Gliomatosis cerebri is a diffuse astrocytic neoplasm, characterized by diffuse brain infiltration involving more than two lobes, and often extending bilaterally and into infrantentorial structures. Gliomatosis cerebri corresponds to WHO Grade III astrocytoma.
Peak incidence is between 40 and 50 years. Both genders are equally affected.
The primary nosological characteristic of gliomatosis cerebri is its diffuse growth pattern. When lesions involve the cerebral hemispheres, the centrum semiovale is always affected, while infiltration of the Cerebral Cortex occurs in only 19% of all cases.
The most frequent clinical features are corticospinal tract deficits, dementia, headaches, seizures, Cranial nerve deficits, increased Intracranial Pressure and papilledema, and spinocerebellar deficits.
FLAIR and T2-weighted MR imaging demonstrate a diffuse, hyperintense Lesion with widespread brain infiltration. The affected structures appear enlarged. Enhancement is unusual, though a more solid neoplastic component may at times be present (see below).

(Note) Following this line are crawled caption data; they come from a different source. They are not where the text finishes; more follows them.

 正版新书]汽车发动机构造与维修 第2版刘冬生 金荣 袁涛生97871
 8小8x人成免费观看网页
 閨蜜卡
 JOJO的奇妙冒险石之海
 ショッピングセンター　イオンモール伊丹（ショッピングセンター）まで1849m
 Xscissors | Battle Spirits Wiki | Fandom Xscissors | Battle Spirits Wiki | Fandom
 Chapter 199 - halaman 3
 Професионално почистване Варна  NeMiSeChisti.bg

Type I gliomatosis is the classical lesion characterized by diffuse neoplastic growth and enlargement of the involved structures, without the formation of a circumscribed Tumor mass. Type II gliomatosis is associated with the presence of an obvious neoplastic mass in addition to the diffuse tumor.
Gliomatosis cerebri is composed of infiltrating neoplastic astrocytes with increased cellularity, nuclear atypia and marked mitotic activity. Infiltrating cells often form parallel rows among white matter tracts. GFAP and S-100 are occasionally expressed.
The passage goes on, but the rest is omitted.